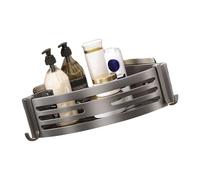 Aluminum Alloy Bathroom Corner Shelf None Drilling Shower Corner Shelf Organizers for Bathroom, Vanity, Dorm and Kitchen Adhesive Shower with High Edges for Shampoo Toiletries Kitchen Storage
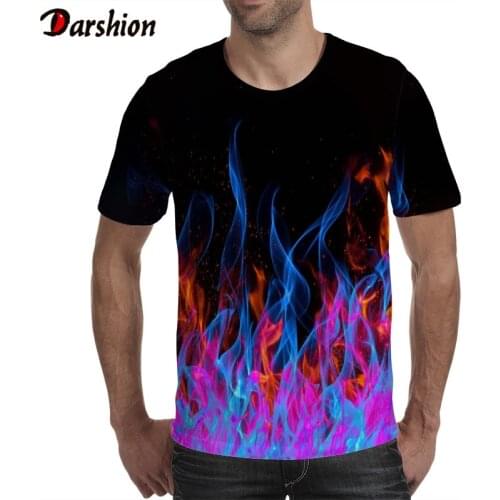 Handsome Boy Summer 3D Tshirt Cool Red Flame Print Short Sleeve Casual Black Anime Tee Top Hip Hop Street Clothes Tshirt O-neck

#####

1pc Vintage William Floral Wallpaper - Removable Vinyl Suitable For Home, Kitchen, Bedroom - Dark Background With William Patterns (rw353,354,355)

#####

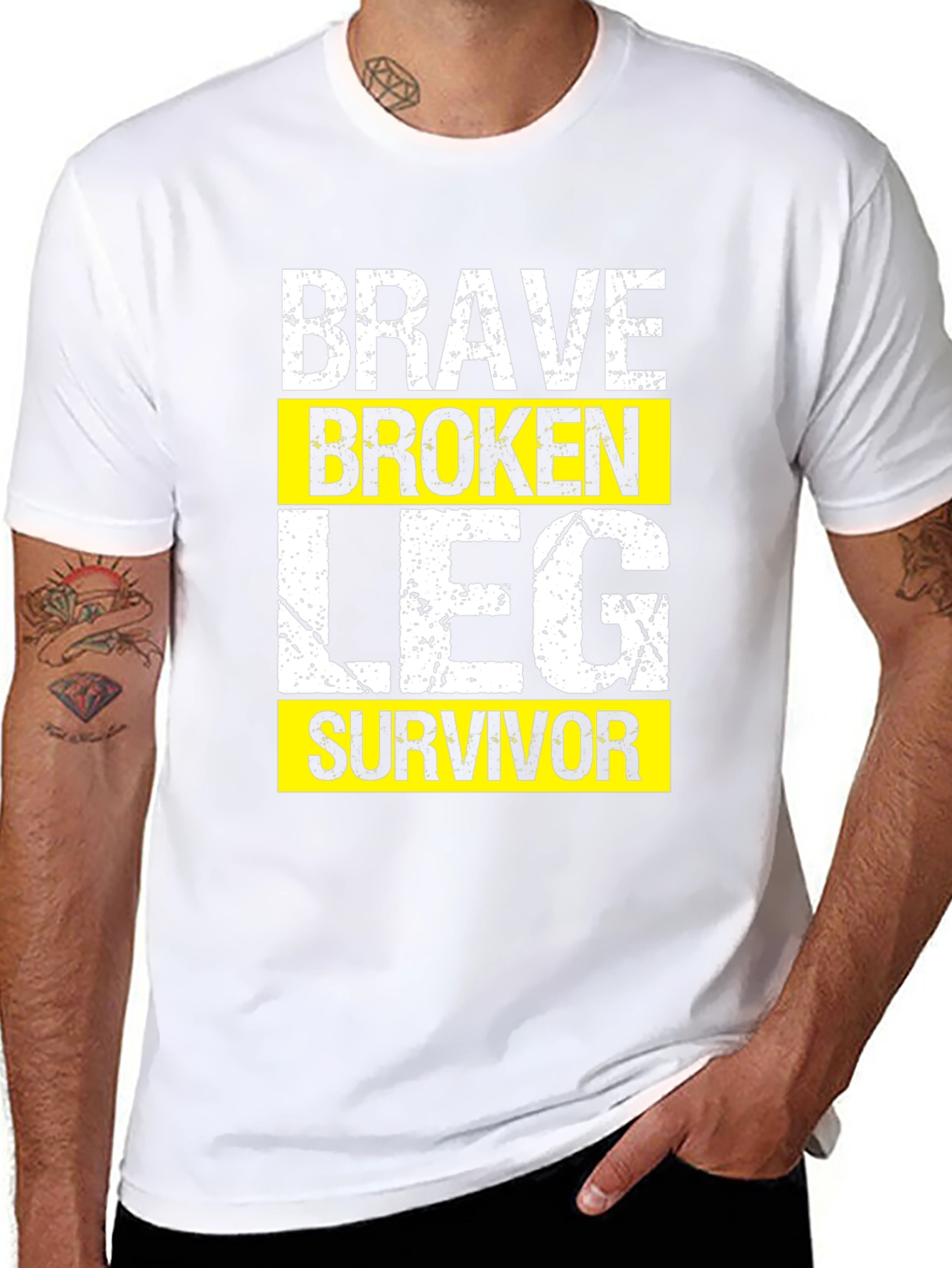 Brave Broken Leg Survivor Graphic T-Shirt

#####

Activity:
All that is wanted is the lines above between the one containing "Aluminum Alloy Bathroom" and the one containing "Handsome Boy Summer", inclusive, restated word for word, with pictures omitted.

Exercise result:
 Aluminum Alloy Bathroom Corner Shelf None Drilling Shower Corner Shelf Organizers for Bathroom, Vanity, Dorm and Kitchen Adhesive Shower with High Edges for Shampoo Toiletries Kitchen Storage
 Handsome Boy Summer 3D Tshirt Cool Red Flame Print Short Sleeve Casual Black Anime Tee Top Hip Hop Street Clothes Tshirt O-neck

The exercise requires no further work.